> [Assigned task]: Everything in the records must be reproduced exactly, except for the pictures.
--- Recorded information Enclosed Below ---
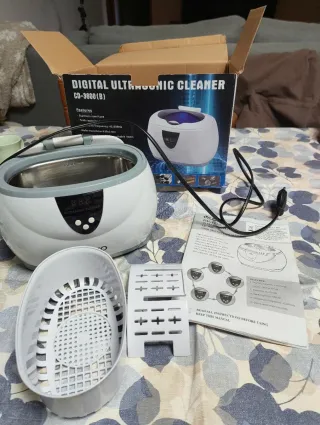Limpiador Ultrasónico Digital  CD-3800(B)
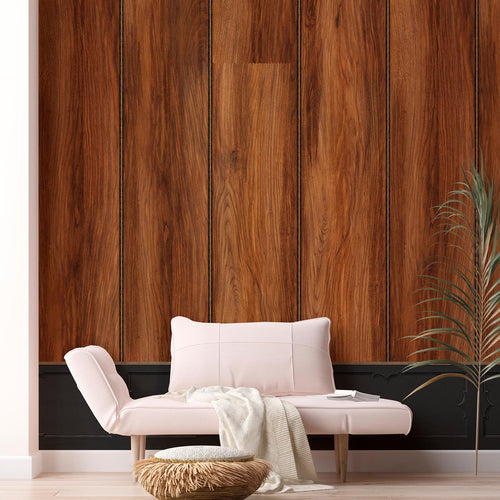 Wood Panels Wallpaper 5 Colours NZ-Wallpaper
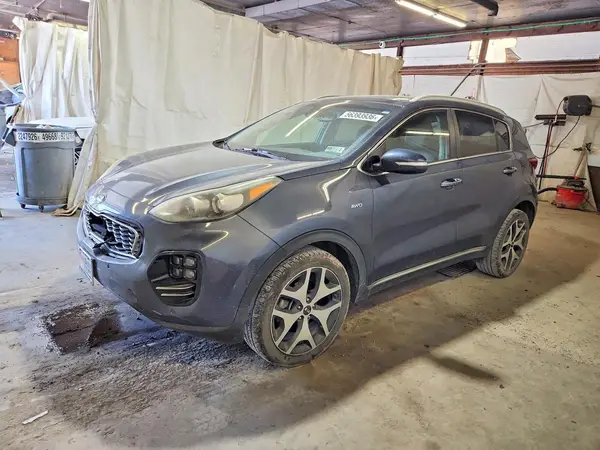 KNDPRCA68H7104506 2017 KIA SPORTAGE - Image 1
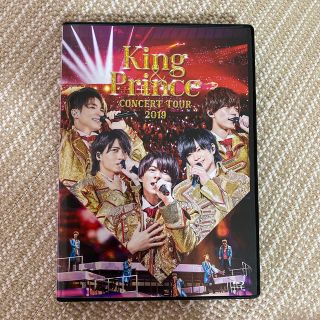 ジャニーズ(Johnny's)のKing&Prince　CONCERT　TOUR　2019 Blu-ray(アイドル)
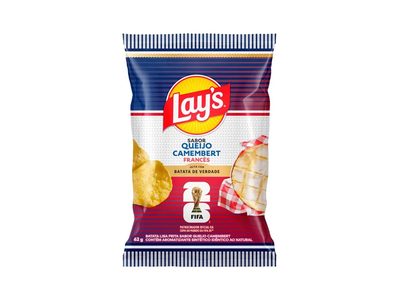 Chips Lays Queijo Camembert 62g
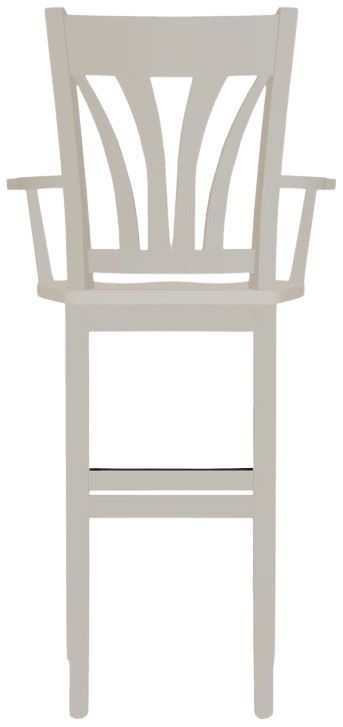 Mavin Customizable Hartford 30" Arm Bar Stool-3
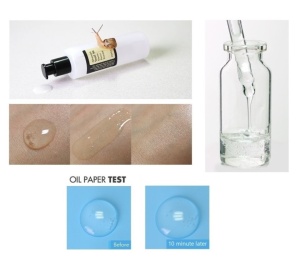Lotiune faciala hidratanta cu 96% extract de melc 100ml - Img 4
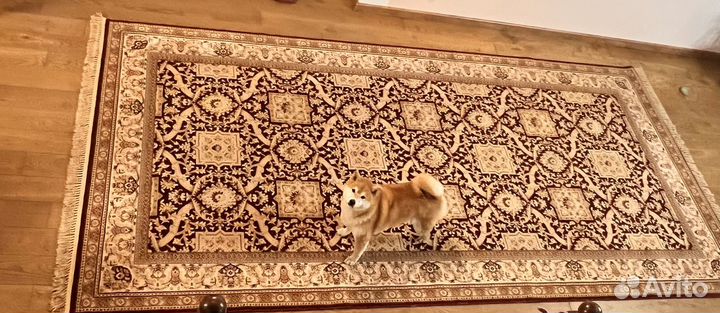 Ковер шерстяной 2 на 4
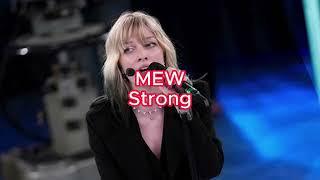 STRONG (London Grammar) - Mew (lyrics video)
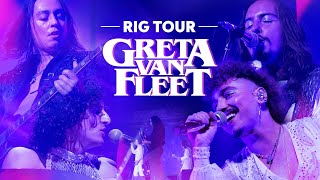 Greta Van Fleet: Roots, Heart, and Bearing the Torches of Tradition | Rig Tour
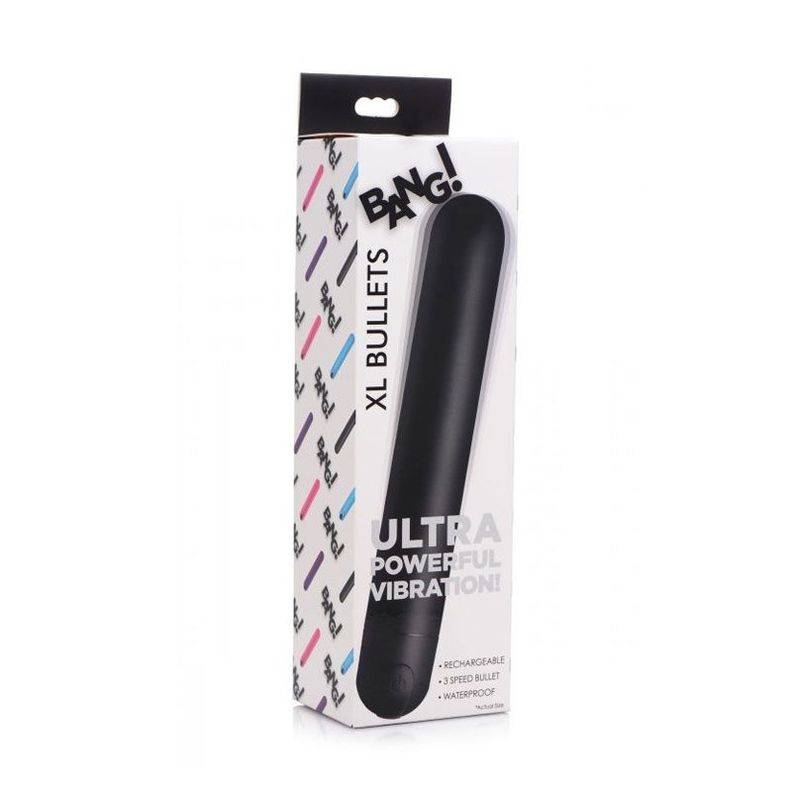 Bala Vibradora XL Bang! - Black-0
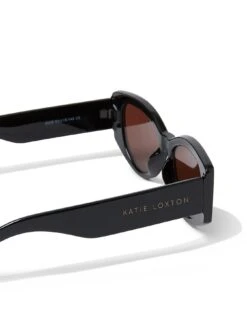 Katie Loxton Cat Eye Sunglasses 9 Katie Loxton Cat Eye Sunglasses -RIVE IS Clothing Shop VME7Y SQ3 0000000143 BROWN SLd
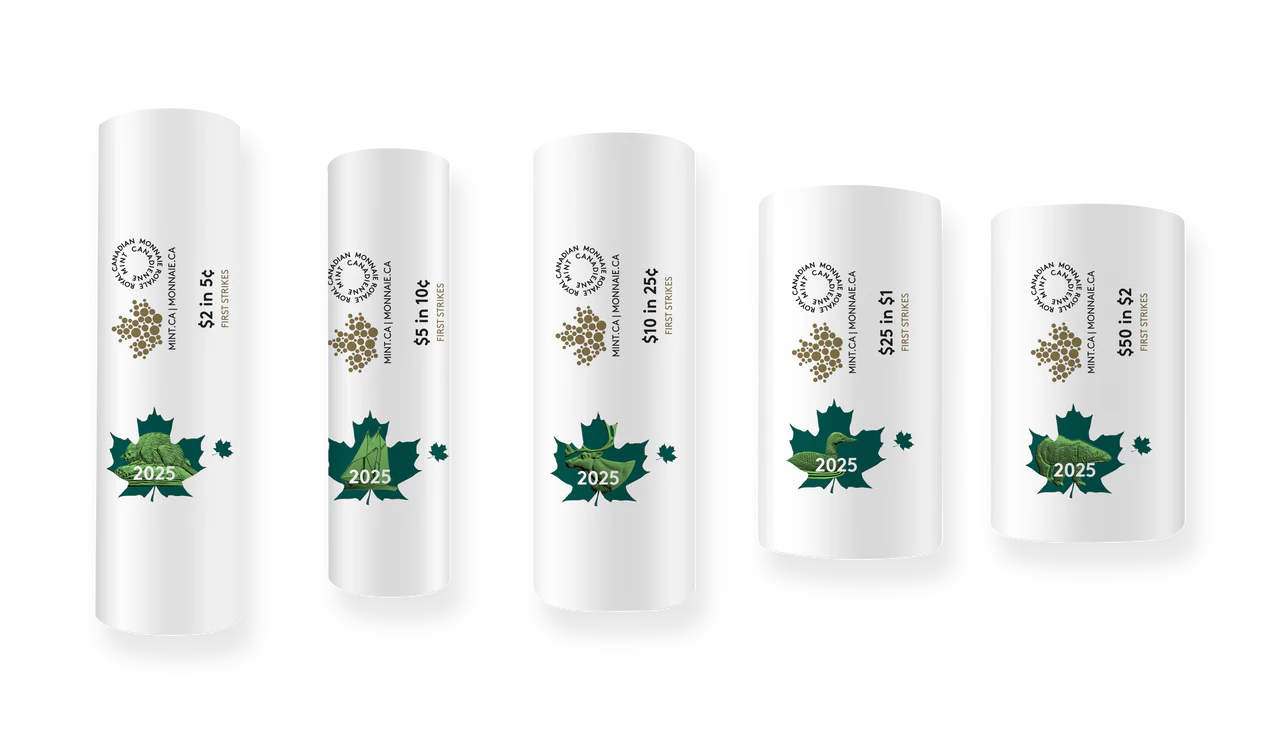 2025 Canada Special Wrap Roll Collection - First Strikes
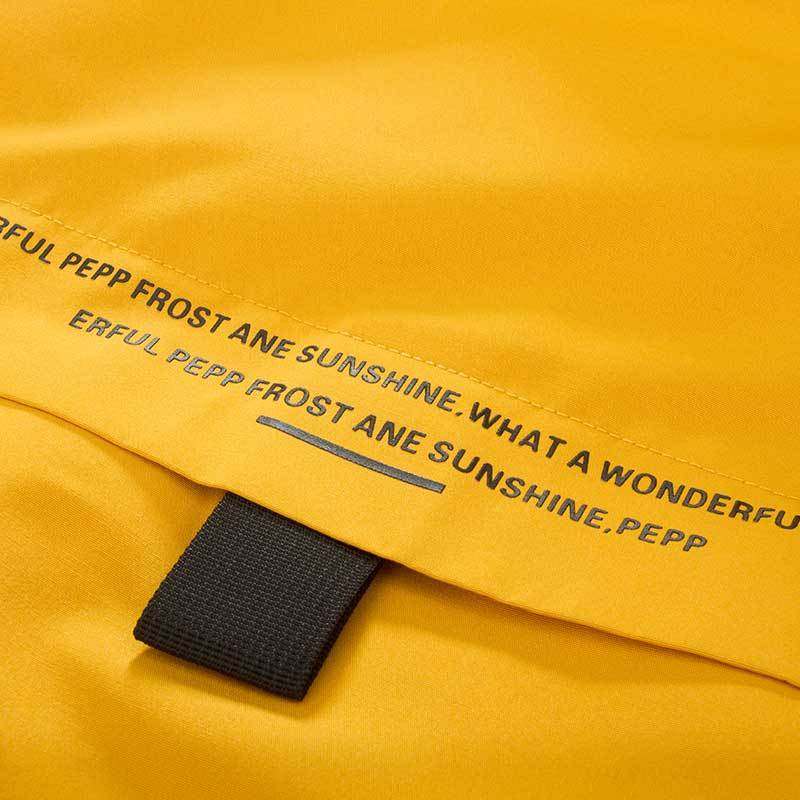 美国U.S.POLO ASSN.时尚保暖羽绒服·黄色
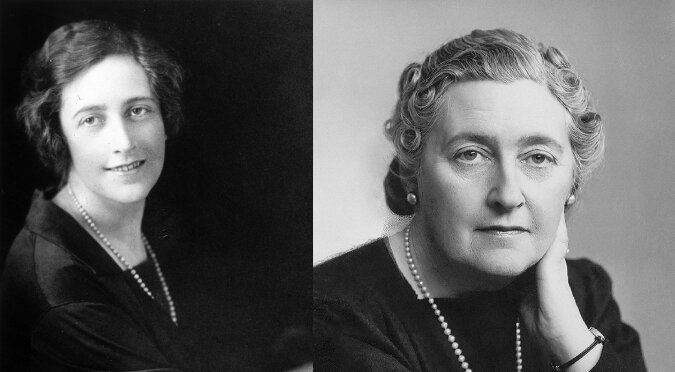 Agatha Christie. Quelle: dailymail.co.uk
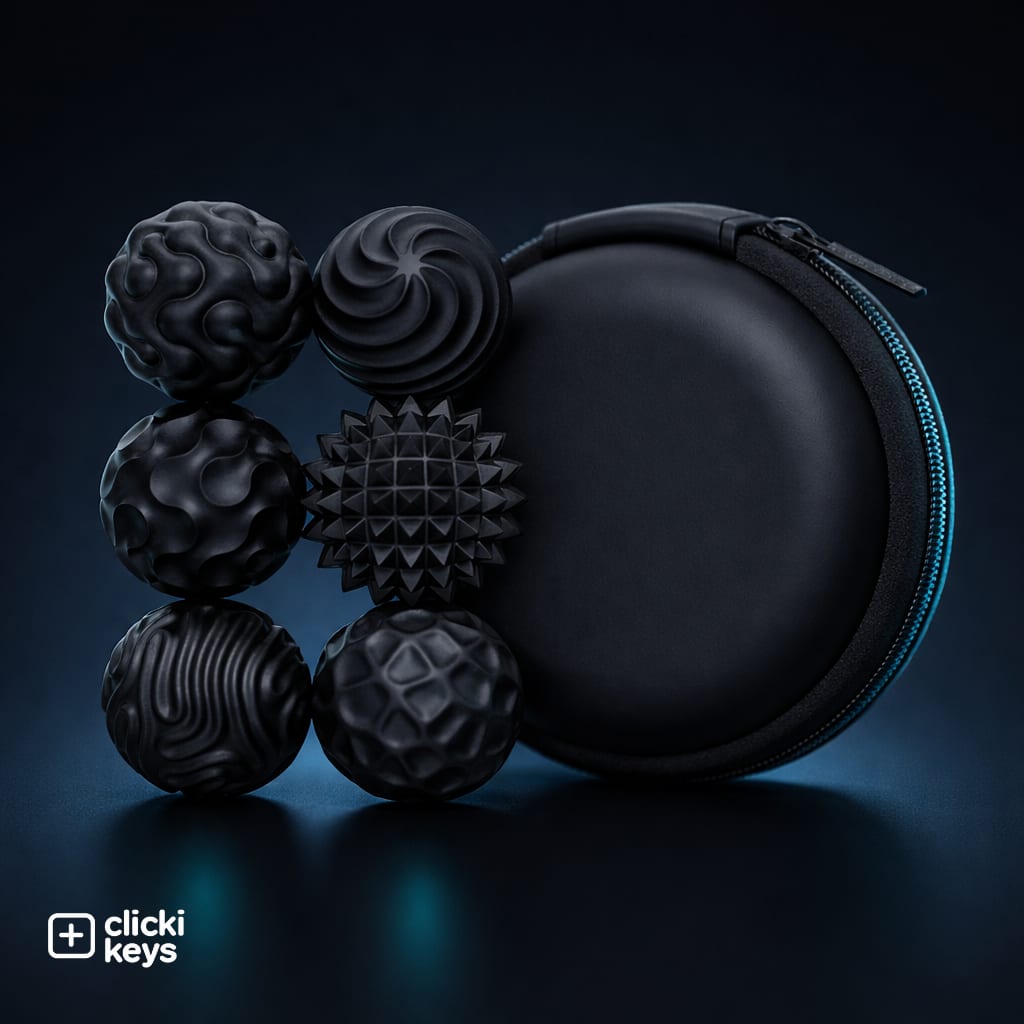 Magnetic Silent Fidget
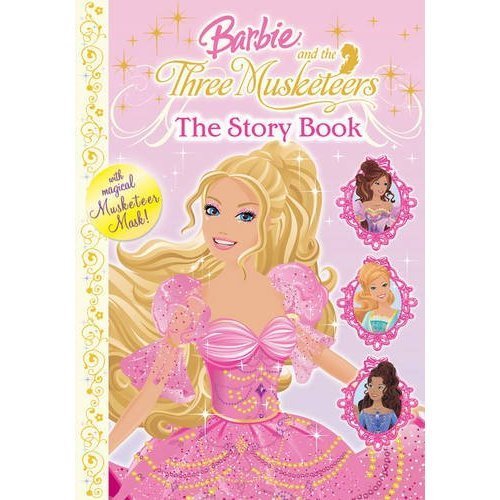  Барби and the three musketeers book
--- End of Enclosed Recorded information ---
> [The completed task]:
Limpiador Ultrasónico Digital  CD-3800(B)
 Wood Panels Wallpaper 5 Colours NZ-Wallpaper
 KNDPRCA68H7104506 2017 KIA SPORTAGE - Image 1
 ジャニーズ(Johnny's)のKing&Prince　CONCERT　TOUR　2019 Blu-ray(アイドル)
 Chips Lays Queijo Camembert 62g
 Mavin Customizable Hartford 30" Arm Bar Stool-3
Lotiune faciala hidratanta cu 96% extract de melc 100ml - Img 4
 Ковер шерстяной 2 на 4
 STRONG (London Grammar) - Mew (lyrics video)
 Greta Van Fleet: Roots, Heart, and Bearing the Torches of Tradition | Rig Tour
 Bala Vibradora XL Bang! - Black-0
 Katie Loxton Cat Eye Sunglasses 9 Katie Loxton Cat Eye Sunglasses -RIVE IS Clothing Shop VME7Y SQ3 0000000143 BROWN SLd
 2025 Canada Special Wrap Roll Collection - First Strikes
 美国U.S.POLO ASSN.时尚保暖羽绒服·黄色
 Agatha Christie. Quelle: dailymail.co.uk
 Magnetic Silent Fidget
  Барби and the three musketeers book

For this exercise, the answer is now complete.